- [Task details]
Scan the data for "Görsel" and copy the lines it appears in.

━━━━━━━━━━━━━━━━━━━━━━━━━━━━━━

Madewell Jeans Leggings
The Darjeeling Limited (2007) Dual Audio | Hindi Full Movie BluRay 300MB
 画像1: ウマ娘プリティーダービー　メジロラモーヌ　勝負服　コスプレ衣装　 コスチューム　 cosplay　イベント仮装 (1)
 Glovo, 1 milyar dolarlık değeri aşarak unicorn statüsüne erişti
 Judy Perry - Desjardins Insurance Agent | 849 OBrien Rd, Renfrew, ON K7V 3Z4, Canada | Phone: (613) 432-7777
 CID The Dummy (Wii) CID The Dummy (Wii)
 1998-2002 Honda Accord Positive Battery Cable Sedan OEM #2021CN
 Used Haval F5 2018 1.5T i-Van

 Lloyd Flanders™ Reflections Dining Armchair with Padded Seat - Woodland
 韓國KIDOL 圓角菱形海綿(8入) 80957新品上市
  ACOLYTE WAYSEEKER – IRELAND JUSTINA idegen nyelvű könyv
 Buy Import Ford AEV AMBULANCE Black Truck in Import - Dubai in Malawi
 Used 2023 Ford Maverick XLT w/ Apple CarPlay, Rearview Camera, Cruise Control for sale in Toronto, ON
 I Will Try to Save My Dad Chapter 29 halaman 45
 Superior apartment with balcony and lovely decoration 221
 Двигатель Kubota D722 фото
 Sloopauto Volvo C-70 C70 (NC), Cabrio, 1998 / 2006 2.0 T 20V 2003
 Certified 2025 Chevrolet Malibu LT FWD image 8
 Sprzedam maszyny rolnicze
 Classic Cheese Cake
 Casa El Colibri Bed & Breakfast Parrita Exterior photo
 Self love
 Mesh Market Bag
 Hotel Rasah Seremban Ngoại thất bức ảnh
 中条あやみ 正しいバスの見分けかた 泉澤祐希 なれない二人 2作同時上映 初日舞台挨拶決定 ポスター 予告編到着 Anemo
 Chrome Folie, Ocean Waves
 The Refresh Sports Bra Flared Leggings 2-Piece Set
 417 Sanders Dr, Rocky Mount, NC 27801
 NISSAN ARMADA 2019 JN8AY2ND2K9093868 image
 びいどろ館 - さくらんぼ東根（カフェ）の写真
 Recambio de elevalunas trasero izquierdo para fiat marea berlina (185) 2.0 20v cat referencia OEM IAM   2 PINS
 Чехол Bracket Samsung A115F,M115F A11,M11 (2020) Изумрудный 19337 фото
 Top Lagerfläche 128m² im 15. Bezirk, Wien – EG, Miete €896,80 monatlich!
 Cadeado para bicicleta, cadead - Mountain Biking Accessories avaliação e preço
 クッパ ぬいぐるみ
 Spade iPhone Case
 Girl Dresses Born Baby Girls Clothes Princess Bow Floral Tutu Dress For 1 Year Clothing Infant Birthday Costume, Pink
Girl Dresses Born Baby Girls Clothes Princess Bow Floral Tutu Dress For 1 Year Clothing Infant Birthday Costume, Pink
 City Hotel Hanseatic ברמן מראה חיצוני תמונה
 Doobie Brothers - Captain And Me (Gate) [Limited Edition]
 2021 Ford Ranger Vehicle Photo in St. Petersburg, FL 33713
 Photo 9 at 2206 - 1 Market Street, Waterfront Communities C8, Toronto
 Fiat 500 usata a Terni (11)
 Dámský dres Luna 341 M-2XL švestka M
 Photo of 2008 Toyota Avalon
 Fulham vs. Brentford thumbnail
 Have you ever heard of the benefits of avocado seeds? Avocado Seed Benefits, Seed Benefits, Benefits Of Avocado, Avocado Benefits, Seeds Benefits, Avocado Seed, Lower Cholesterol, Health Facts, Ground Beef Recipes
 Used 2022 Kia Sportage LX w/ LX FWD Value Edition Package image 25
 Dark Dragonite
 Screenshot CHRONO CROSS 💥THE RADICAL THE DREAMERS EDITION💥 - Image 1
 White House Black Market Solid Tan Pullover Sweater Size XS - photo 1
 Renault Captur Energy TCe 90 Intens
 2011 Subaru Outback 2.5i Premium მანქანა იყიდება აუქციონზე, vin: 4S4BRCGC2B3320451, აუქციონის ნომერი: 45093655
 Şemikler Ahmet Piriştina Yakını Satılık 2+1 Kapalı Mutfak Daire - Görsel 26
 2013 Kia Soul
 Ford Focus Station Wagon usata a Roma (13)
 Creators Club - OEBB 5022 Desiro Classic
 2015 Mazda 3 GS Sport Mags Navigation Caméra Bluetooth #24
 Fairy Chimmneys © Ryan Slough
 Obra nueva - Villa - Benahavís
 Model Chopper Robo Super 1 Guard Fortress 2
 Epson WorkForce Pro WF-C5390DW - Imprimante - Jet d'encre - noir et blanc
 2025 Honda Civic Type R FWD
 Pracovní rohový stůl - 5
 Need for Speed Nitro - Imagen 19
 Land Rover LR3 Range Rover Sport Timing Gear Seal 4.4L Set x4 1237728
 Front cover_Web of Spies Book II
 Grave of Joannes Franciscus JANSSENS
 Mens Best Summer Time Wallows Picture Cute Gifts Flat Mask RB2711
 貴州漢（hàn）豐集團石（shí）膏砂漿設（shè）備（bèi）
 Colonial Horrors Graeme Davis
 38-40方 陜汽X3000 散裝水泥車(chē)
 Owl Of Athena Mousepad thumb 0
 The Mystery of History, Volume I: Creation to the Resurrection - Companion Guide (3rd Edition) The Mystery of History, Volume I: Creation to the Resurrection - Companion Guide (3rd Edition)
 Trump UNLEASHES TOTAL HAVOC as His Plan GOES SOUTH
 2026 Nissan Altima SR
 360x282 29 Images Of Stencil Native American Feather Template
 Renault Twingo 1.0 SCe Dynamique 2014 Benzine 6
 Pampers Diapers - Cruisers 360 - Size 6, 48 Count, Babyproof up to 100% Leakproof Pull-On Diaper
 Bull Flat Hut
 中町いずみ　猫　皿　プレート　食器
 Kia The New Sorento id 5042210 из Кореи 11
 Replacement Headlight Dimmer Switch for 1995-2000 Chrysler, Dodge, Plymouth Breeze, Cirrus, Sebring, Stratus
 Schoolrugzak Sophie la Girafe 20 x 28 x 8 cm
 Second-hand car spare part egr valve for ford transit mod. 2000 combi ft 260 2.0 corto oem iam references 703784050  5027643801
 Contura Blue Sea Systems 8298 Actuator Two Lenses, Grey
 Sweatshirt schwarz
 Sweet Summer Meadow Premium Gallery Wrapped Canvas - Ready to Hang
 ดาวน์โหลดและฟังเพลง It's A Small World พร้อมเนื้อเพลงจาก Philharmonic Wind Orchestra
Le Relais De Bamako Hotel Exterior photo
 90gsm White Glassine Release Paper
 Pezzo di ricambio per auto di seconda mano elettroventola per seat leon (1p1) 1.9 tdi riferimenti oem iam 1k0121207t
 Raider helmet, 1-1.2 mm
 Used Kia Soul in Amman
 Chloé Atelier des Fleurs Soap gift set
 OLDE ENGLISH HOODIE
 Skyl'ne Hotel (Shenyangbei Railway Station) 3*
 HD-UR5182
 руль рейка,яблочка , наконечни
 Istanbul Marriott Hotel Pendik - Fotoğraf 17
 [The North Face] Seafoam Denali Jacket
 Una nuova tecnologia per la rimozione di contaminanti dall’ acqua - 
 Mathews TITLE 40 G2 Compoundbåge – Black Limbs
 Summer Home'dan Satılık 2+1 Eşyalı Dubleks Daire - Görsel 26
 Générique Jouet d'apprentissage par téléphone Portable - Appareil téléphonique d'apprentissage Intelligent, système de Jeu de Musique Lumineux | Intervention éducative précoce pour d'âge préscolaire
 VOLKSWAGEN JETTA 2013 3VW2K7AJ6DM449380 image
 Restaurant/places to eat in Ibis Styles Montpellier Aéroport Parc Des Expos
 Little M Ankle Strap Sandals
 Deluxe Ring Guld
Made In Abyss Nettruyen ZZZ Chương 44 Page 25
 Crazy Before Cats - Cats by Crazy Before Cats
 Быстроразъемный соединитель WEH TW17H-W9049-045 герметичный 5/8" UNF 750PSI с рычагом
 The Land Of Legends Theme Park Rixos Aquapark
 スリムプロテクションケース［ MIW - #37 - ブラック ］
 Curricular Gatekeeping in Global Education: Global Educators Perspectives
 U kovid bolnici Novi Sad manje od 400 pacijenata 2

━━━━━━━━━━━━━━━━━━━━━━━━━━━━━━

- [Reply to the task]
 Şemikler Ahmet Piriştina Yakını Satılık 2+1 Kapalı Mutfak Daire - Görsel 26
 Summer Home'dan Satılık 2+1 Eşyalı Dubleks Daire - Görsel 26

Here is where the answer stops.